Under a three-step process, the council will use additional data, including size, interconnectedness and liquidity risk to identify a subset of non-bank financial companies. The council will use publicly available figures to analyze the companies, and then regulators will contact the firm in question to collect more information.
FSOC will retain a provision that the panel will have the flexibility to designate any company as systemically important even it doesn’t meet any of the criteria, according to the people familiar with the deliberations.
Geithner said Feb. 2 that the first non-bank companies to be deemed systemically risky will be named this year.
Under the Dodd-Frank act, once the FSOC designates companies as systemic, the Fed would then subject these firms to heightened standards, including raising capital and reducing risky practices.
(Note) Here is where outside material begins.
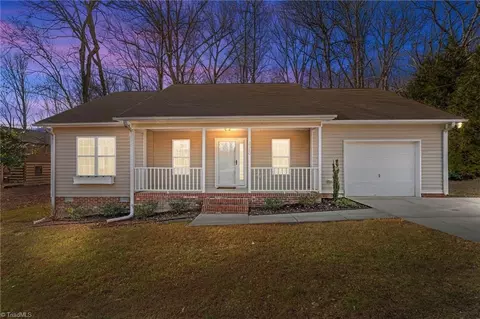 2310 Rothwood Acres Rd, Greensboro, NC 27406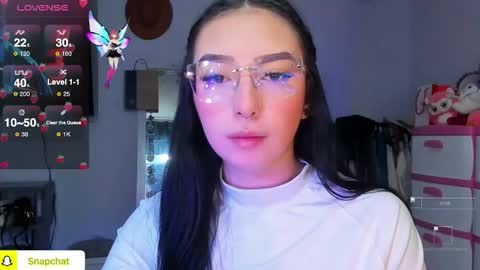 lily online show from November 18, 7:06 pm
The companies also would have to file “living wills” so they could be unwound in an orderly way if they failed.
Plans to designate systemically risky firms were set back after lawmakers and industry executives complained that the initial proposed criteria, released in January 2011, were too vague. FSOC responded in October with a new proposal with metrics for designation.
Even after the rule is final, it is unclear how long it will take FSOC to begin designations.
“They probably need to proceed carefully because there could be court challenges, there could be other procedural hurdles.” said Satish Kini, co-chairman of the banking group at law firm Debevoise & Plimpton LLP. “Congress is going to be interested in how they go about this.”
“They know this is a task that is not going to make any friends for the administration,” said Ernest Patrikis, a partner at the law firm White & Case LLC and a former general counsel at the Federal Reserve Bank of New York. “Politically it’s not an easy task because even if you meet certain criteria there are going to be significant costs.”